La société Aldes Aéraulique ne justifie pas des mesures prises ensuite de ce mail, qui alerte, à tout le moins sur des difficultés relationnelles ayant un impact sur les conditions de travail de Mme [I], or, à cette date la salariée était en arrêt de travail, lequel a été prolongé jusqu’au 1er septembre 2017.
Elle a ensuite repris son activité sans que l’employeur n’ait entrepris de démarches pour faire cesser la situation signalée par le médecin du travail.
En conséquence, la cour confirme le jugement en ce qu’il a dit que la société Aldes Aéraulique avait manqué à son obligation de sécurité.
Le premier juge a fait une exacte appréciation du préjudice subi par la salariée et la cour confirme le jugement en ce qu’il a condamné la société Aldes Aéraulique au paiement de la somme de 4 000 euros à titre de dommages-intérêts.
Sur le manquement à l’obligation de loyauté :
La salariée soutient que la société a manqué à l’obligation de bonne foi en lui notifiant un avertissement injustifié, en ne lui accordant pas d’augmentation, en lui refusant une formation et en la harcelant.
La société réplique que la salariée ne démontre pas l’existence d’un manquement à l’obligation de loyauté et d’un préjudice distinct de ceux d’ores et déjà sollicités.
***
En vertu de l’article L. 1222-1 du code du travail, le contrat de travail est exécuté de bonne foi.
Ainsi qu’il a été dit précédemment, l’avertissement est justifié et aucun manquement quant à la rémunération ou la formation n’a été relevé.

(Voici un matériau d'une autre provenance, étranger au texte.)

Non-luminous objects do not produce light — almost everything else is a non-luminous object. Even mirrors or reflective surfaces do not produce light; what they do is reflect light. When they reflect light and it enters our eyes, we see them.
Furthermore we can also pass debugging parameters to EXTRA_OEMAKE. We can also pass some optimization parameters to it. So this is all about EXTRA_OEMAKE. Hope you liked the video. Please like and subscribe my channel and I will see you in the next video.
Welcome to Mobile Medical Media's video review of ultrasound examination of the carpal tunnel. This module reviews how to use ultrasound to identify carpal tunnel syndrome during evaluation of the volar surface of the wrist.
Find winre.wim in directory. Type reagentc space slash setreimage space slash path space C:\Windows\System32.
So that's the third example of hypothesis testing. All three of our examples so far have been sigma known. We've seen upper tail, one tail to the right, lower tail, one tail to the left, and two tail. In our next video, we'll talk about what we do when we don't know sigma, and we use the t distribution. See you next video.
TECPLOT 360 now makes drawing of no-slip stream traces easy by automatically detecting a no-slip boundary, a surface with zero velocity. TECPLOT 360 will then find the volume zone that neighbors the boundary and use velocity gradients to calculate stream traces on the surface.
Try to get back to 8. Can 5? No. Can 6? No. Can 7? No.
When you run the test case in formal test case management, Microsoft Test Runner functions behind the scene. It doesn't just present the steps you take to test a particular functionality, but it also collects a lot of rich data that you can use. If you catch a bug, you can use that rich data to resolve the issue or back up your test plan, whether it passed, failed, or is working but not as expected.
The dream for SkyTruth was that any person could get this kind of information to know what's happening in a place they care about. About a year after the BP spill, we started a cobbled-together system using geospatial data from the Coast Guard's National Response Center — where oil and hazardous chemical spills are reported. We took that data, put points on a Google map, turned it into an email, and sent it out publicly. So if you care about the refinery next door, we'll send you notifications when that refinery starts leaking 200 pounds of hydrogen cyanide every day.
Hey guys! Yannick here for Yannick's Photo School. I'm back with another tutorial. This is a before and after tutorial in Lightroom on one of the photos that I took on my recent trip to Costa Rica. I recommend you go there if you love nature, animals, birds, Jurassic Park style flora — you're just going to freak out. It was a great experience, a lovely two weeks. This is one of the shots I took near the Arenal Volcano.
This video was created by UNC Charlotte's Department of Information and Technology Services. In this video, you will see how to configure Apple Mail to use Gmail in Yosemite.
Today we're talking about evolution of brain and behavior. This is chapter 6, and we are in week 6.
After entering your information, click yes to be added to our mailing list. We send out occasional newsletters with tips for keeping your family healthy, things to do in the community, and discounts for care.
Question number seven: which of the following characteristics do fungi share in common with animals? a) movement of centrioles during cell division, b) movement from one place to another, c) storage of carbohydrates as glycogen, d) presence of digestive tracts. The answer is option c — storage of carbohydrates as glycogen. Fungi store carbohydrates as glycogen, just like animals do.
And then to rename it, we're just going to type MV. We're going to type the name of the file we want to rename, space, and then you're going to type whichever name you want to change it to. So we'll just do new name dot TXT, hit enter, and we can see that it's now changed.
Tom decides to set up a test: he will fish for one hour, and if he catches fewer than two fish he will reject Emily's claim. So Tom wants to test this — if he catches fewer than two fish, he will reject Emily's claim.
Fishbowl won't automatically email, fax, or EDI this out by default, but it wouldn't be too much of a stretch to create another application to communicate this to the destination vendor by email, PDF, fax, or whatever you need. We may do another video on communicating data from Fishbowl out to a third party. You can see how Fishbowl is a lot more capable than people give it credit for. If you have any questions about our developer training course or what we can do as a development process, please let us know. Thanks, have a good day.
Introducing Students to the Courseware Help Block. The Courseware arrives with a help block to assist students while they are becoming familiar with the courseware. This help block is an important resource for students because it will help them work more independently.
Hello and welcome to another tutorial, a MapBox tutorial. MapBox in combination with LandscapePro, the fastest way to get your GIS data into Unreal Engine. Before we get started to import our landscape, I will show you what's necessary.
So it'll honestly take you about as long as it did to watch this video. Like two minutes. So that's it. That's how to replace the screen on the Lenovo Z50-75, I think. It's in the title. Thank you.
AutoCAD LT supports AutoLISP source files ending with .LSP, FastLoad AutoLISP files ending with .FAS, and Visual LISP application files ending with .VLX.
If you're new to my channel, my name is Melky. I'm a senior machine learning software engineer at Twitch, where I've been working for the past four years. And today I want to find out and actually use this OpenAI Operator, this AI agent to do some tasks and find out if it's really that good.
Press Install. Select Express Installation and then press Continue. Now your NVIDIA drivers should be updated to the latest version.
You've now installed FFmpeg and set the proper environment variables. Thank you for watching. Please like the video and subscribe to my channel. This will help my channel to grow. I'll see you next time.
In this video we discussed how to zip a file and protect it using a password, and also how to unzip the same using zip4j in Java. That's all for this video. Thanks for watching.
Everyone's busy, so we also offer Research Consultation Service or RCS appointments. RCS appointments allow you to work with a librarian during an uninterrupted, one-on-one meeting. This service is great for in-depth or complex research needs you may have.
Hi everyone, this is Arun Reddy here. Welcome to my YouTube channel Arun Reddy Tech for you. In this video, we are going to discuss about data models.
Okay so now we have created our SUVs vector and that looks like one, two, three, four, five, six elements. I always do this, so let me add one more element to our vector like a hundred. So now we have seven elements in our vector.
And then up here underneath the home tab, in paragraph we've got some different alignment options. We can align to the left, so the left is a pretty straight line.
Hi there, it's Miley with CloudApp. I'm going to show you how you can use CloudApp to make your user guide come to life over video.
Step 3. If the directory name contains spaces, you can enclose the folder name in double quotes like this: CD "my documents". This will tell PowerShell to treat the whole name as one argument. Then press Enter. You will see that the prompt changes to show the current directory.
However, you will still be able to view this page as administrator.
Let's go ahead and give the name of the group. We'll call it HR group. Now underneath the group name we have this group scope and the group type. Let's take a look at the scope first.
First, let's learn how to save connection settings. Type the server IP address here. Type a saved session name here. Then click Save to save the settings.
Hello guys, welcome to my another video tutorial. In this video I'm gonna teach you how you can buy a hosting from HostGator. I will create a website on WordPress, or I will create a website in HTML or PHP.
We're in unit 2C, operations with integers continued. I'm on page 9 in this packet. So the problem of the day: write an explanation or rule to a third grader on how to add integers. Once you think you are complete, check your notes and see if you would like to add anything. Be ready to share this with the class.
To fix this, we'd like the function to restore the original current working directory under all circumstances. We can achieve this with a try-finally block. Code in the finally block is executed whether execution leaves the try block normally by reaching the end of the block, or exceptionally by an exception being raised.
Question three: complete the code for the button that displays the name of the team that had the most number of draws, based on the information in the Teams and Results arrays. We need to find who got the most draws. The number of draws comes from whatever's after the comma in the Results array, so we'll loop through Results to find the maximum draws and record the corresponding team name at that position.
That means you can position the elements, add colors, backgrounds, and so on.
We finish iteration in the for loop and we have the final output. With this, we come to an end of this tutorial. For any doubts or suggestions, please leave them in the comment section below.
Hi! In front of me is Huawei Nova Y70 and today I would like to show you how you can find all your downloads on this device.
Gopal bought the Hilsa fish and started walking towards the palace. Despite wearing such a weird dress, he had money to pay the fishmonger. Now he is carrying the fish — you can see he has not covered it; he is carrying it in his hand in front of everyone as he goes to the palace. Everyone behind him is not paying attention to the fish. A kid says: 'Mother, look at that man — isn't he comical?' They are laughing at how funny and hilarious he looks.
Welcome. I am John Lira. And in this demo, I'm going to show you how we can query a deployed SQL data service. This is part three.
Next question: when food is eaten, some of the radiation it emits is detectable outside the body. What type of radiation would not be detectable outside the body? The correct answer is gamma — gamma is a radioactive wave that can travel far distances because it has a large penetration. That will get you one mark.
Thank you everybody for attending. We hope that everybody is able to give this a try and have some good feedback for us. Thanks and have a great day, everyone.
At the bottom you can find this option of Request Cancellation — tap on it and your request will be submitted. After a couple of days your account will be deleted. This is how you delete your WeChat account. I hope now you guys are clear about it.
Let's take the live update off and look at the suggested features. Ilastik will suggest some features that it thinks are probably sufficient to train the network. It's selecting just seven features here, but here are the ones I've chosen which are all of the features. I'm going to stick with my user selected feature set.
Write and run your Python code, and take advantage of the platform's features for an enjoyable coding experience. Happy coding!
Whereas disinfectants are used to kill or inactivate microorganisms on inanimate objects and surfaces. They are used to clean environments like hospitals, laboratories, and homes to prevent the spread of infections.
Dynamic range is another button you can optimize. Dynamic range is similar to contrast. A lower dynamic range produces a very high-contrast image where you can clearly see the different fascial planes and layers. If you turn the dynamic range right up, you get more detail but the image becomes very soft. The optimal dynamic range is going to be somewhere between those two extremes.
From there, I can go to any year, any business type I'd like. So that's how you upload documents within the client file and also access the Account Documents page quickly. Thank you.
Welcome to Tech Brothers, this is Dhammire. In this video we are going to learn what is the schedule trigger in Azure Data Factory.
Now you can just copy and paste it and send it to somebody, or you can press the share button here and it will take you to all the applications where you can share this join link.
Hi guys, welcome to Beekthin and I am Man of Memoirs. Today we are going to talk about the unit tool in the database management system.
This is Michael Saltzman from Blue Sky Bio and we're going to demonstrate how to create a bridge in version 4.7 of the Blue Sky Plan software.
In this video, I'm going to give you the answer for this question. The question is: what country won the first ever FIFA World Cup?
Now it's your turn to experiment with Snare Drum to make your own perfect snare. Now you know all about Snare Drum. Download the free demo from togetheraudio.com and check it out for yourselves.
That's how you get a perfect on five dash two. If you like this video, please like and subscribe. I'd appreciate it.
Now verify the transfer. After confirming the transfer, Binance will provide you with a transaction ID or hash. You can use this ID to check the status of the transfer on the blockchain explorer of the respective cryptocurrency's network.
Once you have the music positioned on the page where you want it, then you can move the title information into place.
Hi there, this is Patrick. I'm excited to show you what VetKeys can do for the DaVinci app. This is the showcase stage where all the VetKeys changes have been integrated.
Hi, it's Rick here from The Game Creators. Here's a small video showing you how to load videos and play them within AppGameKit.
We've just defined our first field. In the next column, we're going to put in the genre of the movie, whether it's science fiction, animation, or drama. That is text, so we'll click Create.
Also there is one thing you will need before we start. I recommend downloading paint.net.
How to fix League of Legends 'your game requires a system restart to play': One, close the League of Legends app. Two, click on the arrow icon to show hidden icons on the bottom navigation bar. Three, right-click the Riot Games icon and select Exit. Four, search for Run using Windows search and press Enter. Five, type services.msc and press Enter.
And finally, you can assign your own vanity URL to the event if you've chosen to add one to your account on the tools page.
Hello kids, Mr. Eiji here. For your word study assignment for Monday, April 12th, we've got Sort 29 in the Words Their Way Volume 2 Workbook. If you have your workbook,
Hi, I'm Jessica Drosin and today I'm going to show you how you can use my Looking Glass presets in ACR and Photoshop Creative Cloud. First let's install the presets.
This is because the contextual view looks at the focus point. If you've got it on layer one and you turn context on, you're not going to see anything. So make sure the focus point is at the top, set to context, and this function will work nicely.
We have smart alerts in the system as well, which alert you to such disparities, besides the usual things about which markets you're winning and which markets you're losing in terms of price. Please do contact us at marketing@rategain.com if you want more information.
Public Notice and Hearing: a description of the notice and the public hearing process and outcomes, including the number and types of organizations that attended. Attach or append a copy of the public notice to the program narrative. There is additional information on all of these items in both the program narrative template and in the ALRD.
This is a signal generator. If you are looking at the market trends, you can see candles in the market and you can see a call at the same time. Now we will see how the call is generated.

La cour confirme le jugement qui a rejeté la demande de dommages-intérêts à ce titre.
Sur les dépens et les frais irrépétibles:
Les dispositions du jugement déféré relatives aux frais irrépétibles et dépens seront confirmées.
La société Aldes Aéraulique, qui succombe partiellement en appel, sera condamnée aux dépens.
Il est équitable de condamner la société Aldes Aéraulique à payer à Mme [I], au titre des frais non compris dans les dépens, la somme de 1 200 euros, sur le fondement de l’article 700 du code de procédure civile, au titre de la procédure d’appel.
PAR CES MOTIFS,
La cour,
Statuant contradictoirement et publiquement par mise à disposition au greffe, les parties ayant été préalablement avisées dans les conditions de l’article 450 du code de procédure civile ;
Dans la limite de la dévolution,
Infirme le jugement en ce qu’il dit que la société Aldes Aéraulique a commis un acte de discrimination en raison du sexe et a l’a condamnée au paiement de dommages-intérêts à ce titre ;
Statuant à nouveau,
Dit que la société Aldes Aéraulique n’a pas commis d’acte de discrimination ;
Déboute Mme [I] de sa demande en dommages-intérêts à ce titre ;
Confirme le jugement pour le surplus ;
Y ajoutant,
Condamne la société Aldes Aéraulique aux dépens ;
Condamne la société Aldes Aéraulique à payer à société Aldes Aéraulique la somme de 1 200 euros sur le fondement de l’article 700 du code de procédure civile.